PREFACE

The hidden depths both of the wisdom and knowledge of God were manifest, not only in the revelation of his will contained in the Scriptures of truth, but in the manner of giving that revelation, and in the language in which is was given.

Egypt had wisdom, but it was enshrined in hieroglyphics so obscure that their meaning faded centuries ago from the memory of mankind, and for many successive ages no man on earth could penetrate their mysteries. Assyria and Babylon had literature, art, and science; but with a language written in seven or eight hundred cuneiform signs, some of them having fifty different meanings, what wonder is it that for more than two thousand years the language and literature of these nations was lost, buried, and forgotten? The vast literature of China has survived the changes of centuries, but the list of different characters, which in a dictionary of the second century numbered 9353, and in the latest imperial Chinese Dictionary numbers 43,960,—some of them requiring fifty strokes of the pencil to produce them, —shows how unfit such a language must be for a channel to convey the glad tidings of God's salvation to the poor, the weak, the sorrowful, and to people who cannot spend ten or twenty years in learning to comprehend the mysteries of the Chinese tongue.

Who can imagine what would have been the fate of a divine revelation if the words of eternal life had been enswathed in such cerements as these?

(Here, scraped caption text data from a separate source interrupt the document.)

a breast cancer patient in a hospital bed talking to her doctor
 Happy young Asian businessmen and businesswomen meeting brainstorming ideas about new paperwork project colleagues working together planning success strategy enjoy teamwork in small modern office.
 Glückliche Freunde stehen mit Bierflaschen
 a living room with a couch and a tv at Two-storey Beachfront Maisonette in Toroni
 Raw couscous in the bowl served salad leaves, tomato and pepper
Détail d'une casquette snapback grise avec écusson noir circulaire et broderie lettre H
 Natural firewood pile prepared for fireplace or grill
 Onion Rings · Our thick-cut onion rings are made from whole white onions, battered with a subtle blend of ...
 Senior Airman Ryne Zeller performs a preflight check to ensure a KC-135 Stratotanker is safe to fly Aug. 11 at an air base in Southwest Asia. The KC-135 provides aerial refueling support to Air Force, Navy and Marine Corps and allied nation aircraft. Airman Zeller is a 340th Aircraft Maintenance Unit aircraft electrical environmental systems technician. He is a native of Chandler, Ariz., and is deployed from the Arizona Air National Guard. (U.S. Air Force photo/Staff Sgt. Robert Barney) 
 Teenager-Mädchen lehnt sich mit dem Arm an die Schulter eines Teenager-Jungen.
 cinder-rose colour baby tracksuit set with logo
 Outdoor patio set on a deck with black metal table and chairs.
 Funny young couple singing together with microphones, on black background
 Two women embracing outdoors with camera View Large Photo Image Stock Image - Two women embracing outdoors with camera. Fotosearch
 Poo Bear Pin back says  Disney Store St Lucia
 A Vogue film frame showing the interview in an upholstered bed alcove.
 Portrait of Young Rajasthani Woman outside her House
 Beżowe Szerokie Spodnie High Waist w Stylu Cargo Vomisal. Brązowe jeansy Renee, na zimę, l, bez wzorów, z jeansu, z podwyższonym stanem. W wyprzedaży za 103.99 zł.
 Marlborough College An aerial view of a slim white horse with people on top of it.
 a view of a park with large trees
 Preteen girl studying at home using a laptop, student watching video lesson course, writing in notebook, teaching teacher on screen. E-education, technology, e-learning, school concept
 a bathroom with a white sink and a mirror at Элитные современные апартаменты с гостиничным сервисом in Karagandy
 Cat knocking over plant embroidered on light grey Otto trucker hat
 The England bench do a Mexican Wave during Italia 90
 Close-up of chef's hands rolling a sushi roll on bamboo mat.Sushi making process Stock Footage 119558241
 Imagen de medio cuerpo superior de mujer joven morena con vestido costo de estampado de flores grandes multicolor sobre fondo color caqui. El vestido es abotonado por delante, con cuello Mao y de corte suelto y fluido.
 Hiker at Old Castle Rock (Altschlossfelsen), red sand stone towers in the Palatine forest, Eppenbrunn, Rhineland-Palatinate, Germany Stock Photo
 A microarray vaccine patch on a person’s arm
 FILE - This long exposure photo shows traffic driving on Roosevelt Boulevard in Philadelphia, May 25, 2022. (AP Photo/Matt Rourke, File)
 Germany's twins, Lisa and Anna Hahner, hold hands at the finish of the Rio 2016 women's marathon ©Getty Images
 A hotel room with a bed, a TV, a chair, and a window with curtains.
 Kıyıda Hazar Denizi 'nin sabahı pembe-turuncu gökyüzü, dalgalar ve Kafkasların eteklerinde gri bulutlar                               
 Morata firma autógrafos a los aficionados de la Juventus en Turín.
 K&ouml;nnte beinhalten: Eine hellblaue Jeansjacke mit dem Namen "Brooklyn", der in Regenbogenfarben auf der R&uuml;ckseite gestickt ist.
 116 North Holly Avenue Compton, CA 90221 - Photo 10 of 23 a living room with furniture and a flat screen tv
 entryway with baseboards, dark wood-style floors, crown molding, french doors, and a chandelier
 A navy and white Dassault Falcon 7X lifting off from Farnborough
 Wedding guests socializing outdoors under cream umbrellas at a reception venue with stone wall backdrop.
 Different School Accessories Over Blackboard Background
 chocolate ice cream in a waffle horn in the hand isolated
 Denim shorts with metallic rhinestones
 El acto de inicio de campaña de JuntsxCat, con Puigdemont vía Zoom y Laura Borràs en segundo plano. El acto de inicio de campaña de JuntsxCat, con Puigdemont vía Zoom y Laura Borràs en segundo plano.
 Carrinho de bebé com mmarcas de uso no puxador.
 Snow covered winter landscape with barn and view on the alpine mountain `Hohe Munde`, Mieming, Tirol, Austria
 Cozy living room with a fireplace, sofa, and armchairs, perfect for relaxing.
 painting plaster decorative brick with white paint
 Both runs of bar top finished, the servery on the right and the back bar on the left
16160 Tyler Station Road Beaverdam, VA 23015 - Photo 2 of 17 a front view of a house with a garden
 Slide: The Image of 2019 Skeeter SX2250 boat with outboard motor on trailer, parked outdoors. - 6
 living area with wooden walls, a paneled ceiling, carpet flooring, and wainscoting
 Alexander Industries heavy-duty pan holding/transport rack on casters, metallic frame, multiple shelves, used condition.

In the wisdom of God, the revelation of his will was given in the Hebrew tongue, with an alphabet of twenty-two letters, some of which, as inscribed on the Moabite stone, b.c. 900, are identical in form and sound with those now used in English books.

This Hebrew alphabet, so simple that a child might learn it in a day, has never been lost or forgotten. The Hebrew language in which the Oracles of God were given to man, has never become a dead language. Since the day when the Law was given to Moses on Mount Sinai, there never has been a day or hour when the language in which it was written was not known to living men, who were able to read, write, and expound it. And the Hebrew is the only language of those ages that has lived to the present time, preserving the record of a divine revelation, and being conserved by it through the vicissitudes of conflict, conquest, captivity, and dispersion; while the surrounding idolatrous nations perished in their own corruption, and their languages and literature were buried in oblivion.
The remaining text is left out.